I read all I could find about the issues of dying cats and ending their lives early, but nowhere could did I see any consideration of what the animal wants, animal rights not withstanding. That I thought was amazing; all these people with expert opinions, including animal rights activists, did not even consider the possibility that dying animal might have desires, one way or the other.




He did start eating his last few days, but it was of course too late. His will to live was strong.




His body was still warm when I woke up yesterday to find he had passed
on. I quickly put him in the box I had made for him, and expoxied it
shut. I then took the box downstairs and put it in the early morning
Sun. Our new cat, Missy, came over and investigated the box--she was
wondering what had happened to Krishna.



We took him in his box to a river bank along the Housatonic, where he had played as a kitten (before the lyme tick infestation), and I buried him in the sandy loam. I partly chose the spot because I don't think it will ever be bulldozed, and it will be easy to visit even if it changes hands.





I learned a lot about cat kidney disease over the past week, and also various kinds of feeding. What amazed me is that therapies for humans with kidney disease have nearly nothing in common with therapies for cats with this disease--cats and humans are not THAT different. One might think the vets are treating reptiles instead of cats. I realize it is a long stretch to memorialize a cat, but Krishna's life was significant, and if circumstances had been better, I think his life could have had even more meaning--and been longer. So I think I will create a research wiki where my empathy model is, Wikiveristy, about treating cats in their final stages, especially with kidney disease, which is their most common old-age disorder. I also think there needs to be a discussion about the morals of euthanasia from the perspective of the cats' desires: real animal rights.

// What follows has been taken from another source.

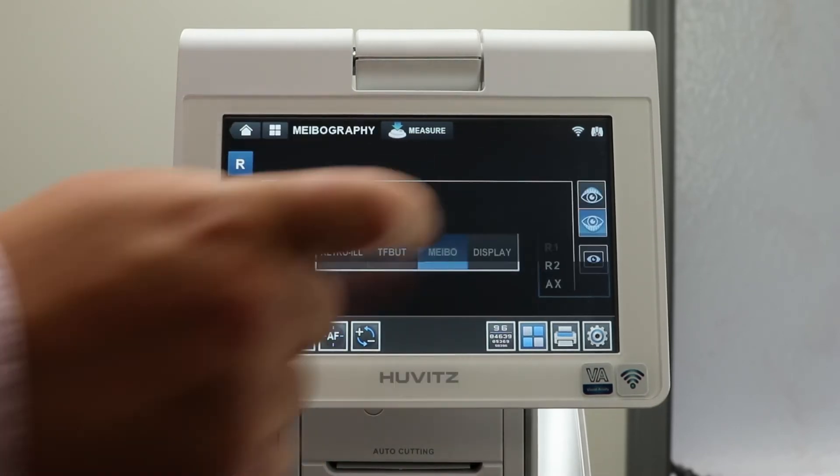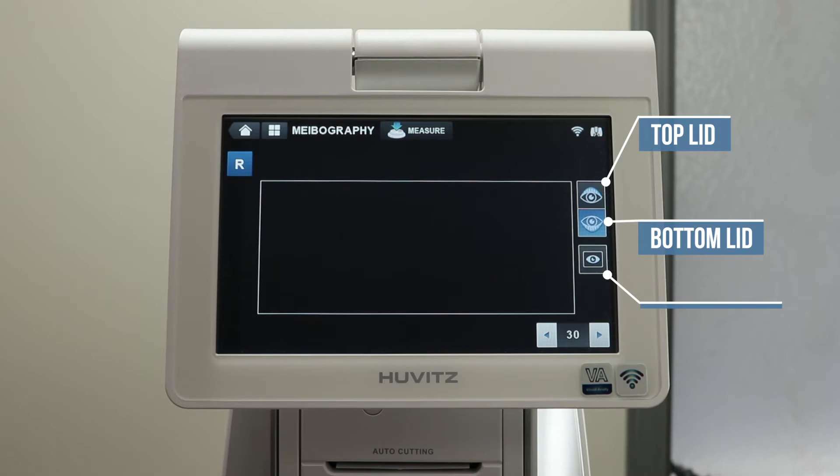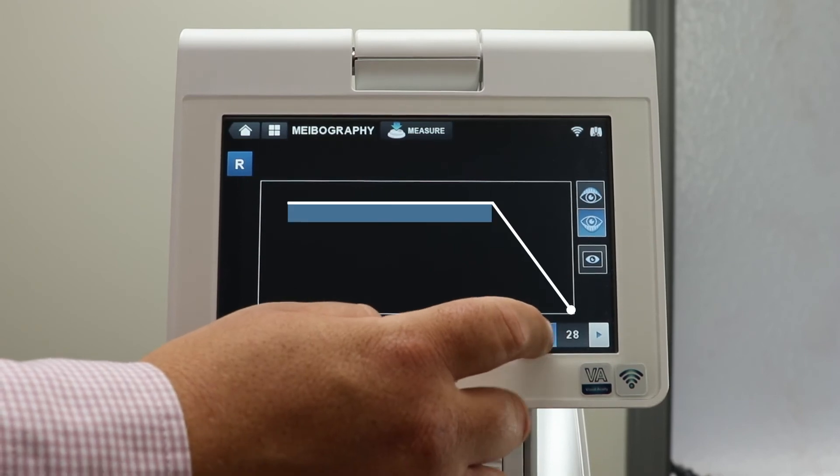Under meibography, get a clear view of the meibomian gland with the infrared camera. To the right-hand side, you will see a top lid, bottom lid, and full picture icon. Use the arrows at the bottom to adjust the brightness.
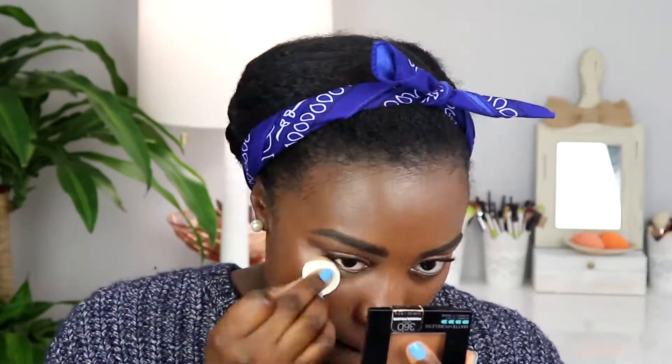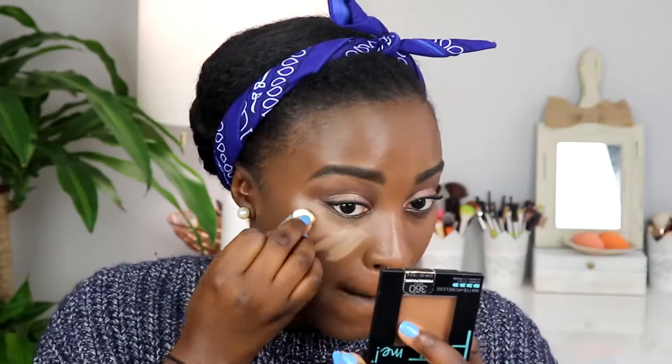So the concealer is basically the same idea as the foundation — when you open it, it has a little sponge in there also. I'm going to do the same thing with the sponge again. This is in the shade Medium Dark. I'll just dip the sponge in, swirl it a little bit, and apply it under my eyes — just going to dab it and see how that goes.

I was very glad that got to know many people, and that he recovered emotionally from the abuse that he got when he was younger.



I am finding that my photography is with me to help me share, and to make more meaning from my efforts by being able to record them. Krishna does have a very nice box, and a very nice resting place. I refinished a wine box for him, and decorated the lid with two playing polar bears taken from a vodka box. I could not find the right cloth for the lid, so I used a shirt--I had to build his box on short notice, and he needed it the morning after I finished it.